(Provided entries Opens)
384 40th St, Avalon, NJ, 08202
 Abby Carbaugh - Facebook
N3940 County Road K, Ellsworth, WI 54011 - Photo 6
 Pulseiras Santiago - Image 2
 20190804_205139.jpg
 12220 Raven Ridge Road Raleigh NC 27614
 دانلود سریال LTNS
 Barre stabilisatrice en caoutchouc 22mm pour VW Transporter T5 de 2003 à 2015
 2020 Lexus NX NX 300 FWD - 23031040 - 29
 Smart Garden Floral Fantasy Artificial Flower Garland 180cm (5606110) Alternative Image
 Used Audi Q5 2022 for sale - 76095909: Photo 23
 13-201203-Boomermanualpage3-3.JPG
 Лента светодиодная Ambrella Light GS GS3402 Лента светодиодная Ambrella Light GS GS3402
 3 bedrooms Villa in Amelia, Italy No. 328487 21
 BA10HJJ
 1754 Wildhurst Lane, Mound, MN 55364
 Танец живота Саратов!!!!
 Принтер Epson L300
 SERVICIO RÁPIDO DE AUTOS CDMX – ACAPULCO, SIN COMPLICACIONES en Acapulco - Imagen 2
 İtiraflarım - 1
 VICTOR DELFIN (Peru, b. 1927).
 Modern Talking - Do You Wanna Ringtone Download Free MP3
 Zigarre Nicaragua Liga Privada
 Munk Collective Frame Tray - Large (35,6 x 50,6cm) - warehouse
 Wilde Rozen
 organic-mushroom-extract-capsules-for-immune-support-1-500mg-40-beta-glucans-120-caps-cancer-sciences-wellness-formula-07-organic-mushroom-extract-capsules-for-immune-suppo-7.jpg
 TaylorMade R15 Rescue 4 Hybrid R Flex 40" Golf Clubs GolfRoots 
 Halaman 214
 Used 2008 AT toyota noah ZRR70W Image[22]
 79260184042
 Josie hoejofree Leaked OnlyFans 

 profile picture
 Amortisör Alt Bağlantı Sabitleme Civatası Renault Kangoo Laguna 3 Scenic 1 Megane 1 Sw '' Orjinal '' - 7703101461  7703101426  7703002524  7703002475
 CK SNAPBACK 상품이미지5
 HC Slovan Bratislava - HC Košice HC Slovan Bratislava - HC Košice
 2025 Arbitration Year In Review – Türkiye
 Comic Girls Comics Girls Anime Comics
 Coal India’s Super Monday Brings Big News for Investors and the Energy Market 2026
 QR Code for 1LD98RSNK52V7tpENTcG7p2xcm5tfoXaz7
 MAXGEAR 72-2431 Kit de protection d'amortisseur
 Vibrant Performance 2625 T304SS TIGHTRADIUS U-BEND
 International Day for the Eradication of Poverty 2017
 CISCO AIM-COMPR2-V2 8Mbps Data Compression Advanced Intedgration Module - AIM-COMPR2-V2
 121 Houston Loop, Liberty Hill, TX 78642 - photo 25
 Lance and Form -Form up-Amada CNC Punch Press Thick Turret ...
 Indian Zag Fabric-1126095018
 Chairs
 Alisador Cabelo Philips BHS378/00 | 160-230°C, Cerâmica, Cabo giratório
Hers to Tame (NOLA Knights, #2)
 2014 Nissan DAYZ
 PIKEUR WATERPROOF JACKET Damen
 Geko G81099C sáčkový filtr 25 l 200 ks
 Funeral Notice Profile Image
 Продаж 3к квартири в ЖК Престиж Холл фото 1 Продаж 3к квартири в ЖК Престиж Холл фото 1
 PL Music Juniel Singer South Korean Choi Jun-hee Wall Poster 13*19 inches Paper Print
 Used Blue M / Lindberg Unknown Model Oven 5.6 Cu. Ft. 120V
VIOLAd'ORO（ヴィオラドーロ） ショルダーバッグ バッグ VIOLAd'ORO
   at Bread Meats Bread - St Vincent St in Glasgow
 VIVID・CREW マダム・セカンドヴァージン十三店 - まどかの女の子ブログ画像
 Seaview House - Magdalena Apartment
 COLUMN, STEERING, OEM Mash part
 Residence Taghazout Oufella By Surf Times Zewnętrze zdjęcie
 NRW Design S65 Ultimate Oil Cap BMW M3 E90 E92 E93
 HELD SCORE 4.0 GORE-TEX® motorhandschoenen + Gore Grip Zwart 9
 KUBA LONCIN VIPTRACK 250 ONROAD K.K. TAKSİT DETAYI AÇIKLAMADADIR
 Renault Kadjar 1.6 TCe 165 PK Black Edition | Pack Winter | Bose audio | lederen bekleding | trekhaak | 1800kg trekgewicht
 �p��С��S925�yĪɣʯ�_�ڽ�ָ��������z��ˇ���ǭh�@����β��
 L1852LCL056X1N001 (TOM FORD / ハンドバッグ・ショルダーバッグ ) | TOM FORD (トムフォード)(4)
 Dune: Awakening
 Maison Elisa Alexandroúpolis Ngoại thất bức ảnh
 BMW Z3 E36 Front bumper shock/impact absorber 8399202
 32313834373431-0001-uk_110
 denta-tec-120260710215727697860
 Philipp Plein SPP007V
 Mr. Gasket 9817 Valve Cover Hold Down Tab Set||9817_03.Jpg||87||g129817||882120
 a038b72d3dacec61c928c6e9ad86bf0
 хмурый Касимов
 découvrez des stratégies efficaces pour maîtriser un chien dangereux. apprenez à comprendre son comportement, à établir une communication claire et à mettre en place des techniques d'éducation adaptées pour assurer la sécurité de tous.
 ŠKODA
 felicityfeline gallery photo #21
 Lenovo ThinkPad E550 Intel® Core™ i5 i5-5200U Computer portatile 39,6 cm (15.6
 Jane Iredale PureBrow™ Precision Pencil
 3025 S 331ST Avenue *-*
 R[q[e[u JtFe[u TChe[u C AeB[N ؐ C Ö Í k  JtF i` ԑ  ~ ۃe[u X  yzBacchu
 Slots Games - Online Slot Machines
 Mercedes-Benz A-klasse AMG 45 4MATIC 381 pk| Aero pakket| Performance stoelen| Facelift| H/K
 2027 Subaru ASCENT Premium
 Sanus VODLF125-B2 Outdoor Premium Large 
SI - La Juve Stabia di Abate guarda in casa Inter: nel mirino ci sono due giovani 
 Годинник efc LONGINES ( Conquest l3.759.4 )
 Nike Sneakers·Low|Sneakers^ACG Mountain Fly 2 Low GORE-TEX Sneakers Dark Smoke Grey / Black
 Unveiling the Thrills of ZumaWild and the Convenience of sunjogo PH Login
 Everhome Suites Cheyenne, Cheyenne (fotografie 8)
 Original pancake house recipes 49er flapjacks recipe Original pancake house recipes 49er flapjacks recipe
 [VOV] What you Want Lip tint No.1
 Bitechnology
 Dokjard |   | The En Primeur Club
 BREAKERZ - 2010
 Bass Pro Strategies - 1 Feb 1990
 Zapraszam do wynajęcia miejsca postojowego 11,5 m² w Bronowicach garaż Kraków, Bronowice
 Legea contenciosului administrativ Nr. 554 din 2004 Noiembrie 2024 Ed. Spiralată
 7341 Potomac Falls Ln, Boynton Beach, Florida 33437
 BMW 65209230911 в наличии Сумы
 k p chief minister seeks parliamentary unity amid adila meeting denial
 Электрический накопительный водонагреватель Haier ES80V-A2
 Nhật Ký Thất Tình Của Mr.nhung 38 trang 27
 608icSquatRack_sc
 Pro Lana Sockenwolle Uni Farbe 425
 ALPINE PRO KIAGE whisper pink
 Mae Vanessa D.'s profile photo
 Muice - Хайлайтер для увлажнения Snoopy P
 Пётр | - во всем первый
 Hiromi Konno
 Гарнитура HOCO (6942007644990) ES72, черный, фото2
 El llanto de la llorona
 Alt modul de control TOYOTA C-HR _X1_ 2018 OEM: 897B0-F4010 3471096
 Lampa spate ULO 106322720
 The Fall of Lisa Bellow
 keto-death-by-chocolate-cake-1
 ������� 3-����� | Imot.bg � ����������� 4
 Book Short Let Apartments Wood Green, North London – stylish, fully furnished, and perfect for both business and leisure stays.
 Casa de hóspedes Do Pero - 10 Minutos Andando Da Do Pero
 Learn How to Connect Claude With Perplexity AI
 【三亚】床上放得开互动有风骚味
(Provided entries Closes)
Task goal: Starting at the line that holds "El llanto de la llorona", retype each line exactly through the end of the entries, both ends included.

Exercise answer:
 El llanto de la llorona
 Alt modul de control TOYOTA C-HR _X1_ 2018 OEM: 897B0-F4010 3471096
 Lampa spate ULO 106322720
 The Fall of Lisa Bellow
 keto-death-by-chocolate-cake-1
 ������� 3-����� | Imot.bg � ����������� 4
 Book Short Let Apartments Wood Green, North London – stylish, fully furnished, and perfect for both business and leisure stays.
 Casa de hóspedes Do Pero - 10 Minutos Andando Da Do Pero
 Learn How to Connect Claude With Perplexity AI
 【三亚】床上放得开互动有风骚味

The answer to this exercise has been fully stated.